Keywords

1 Introduction

Digitization of historical documents is a very important task for preserving our cultural heritage. Nowadays, a significant number of such documents is already scanned and saved into archival databases and portals. The next step is making such documents accessible to researchers and to the public. The accessibility is very important and it requires further processing of the scanned documents. A crucial task is converting document images to plain text by the means of optical character recognition (OCR) or handwritten text recognition (HTR). This paper is focused on OCR of printed documents.

We concentrate on historical German newspapers from the end of the nineteenth century. The documents are printed in the obsolete Fraktur script. The scans have several quality issues such as noise, skew, warping and even missing parts of some characters. The documents also have quite a variable page layout. All above mentioned aspects make the OCR of such documents challenging.

Current trend in the OCR field is utilizing neural networks that process whole text lines. Recurrent neural networks (RNN) are usually utilized for this task [3]. A great benefit of RNN based approaches is that the segmentation to characters is not necessary. Some approaches also combine RNN and convolutional neural networks (CNN) [13, 14]. In such approaches CNN serves as a feature extractor for the recurrent layers. It helps mainly in cases when the data are not well aligned and contain noise.

The segmentation free approaches need a significant amount of annotated line images to be able to train the models. The images can be synthesized using available fonts. However, for capturing all aspects of the real data synthetic data are not sufficient. Therefore, some amount of manually annotated data is still necessary. Moreover, the real data must be also used for system evaluation.

Although there are several complex systems for historical document processing, to the best of our knowledge, a simple single-purpose system to facilitate data annotation is completely missing. Therefore, the main goal of this paper consists in developing a set of simple tools dedicated to OCR data annotation. We would like to save human resources as much as possible. Therefore, we integrate several components of artificial intelligence into these tools to minimize manual annotation work. Their main purpose is to create annotation for line based OCR systems, however one of the tools allows also creating character based annotation. Another contribution of this paper consists in public availability of these tools for research purposesFootnote 1. The implemented tools will be used for training and evaluation of an OCR system developed mainly for historical German newspapers. However, they can be utilized for arbitrary data.

2 Related Work

This section first describes the methods currently used in the OCR field. Then, we summarize available tools and methods for image ground truth creation.

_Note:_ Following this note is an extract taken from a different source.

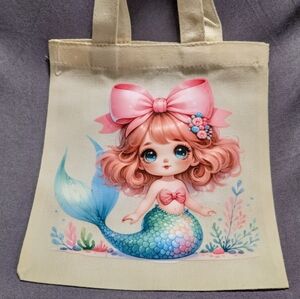 Cute Pink-Haired Mermaid Tote Bag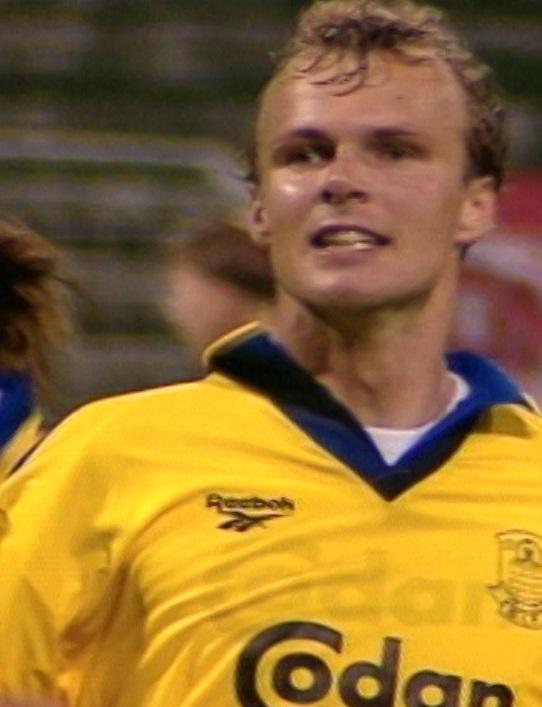 Ole Bjur podczas meczu Widzew Łódź - Brøndby Kopenhaga 2:1 (07.08.1996).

Labeling unsegmented sequences was made possible by using connectionist temporal classification (CTC) loss [7]. CTC loss allowed using a single network for the whole labeling process. It gives the probability distribution over all possible label sequences conditioned on the input sequence. The network uses an objective function that maximizes the probabilities of correct labelings. It is differentiable and therefore a standard backpropagation can be used. This approach was first used for speech recognition. It’s utilization directly for text recognition was proposed in [9]. It was aimed mainly at handwritten data. However, it is also suitable for printed OCR.

Breuel et al. [3] proposed an efficient OCR system based on LSTM. It is part of the open-source OCR system OCRopus [2]. The method utilizes a 1D bidirectional LSTM network and uses a text line normalization. The normalization step is built upon a dictionary of connected component shapes associated with baseline and x-height information. The dictionary is pre-computed on external annotated data. The baseline and x-height lines are mapped to two straight lines using spline interpolation. The system is applied on printed English and Fraktur texts. It reaches 0.6% CER on English and values from 0.16% to 0.82% on Fraktur depending on the quality of scans.

An approach combining CNN and RNN is proposed in [13]. The system utilizes CNN for feature extraction. LSTM is then used for sequence modeling. The model is evaluated on handwritten as well as printed data. It is shown that such a model using 1D LSTM performs well for both data types. This work also presents weighted finite state transducer (WFST) that supplies a language model to the decoding procedure.

A recursive-recurrent network combined with an attention mechanism was proposed in [12]. This work aims at a photo OCR that reads scene texts in natural images. It is focused on the unconstrained scene text recognition. The system performs directly an image to sequence learning. The network contains 8 convolutional layers with varying number of kernels. RNN with 1024 units serves as the underlying character language model. The attention mechanism is used for better image feature usage. The reported accuracy improvement on the Street view text (SVT) database is 9%.

Van Beusekom et al. [15] proposed an approach for automated ground truth generation. The method finds a robust and accurate alignment of a scanned image and corresponding electronic document. It involves printing of the electronic document and scanning it again. Ground truths on pixel level are prepared. It is tested on the UW3 dataset. The estimated ground truths are compared with the real ones and the resulting accuracy is less than one pixel difference.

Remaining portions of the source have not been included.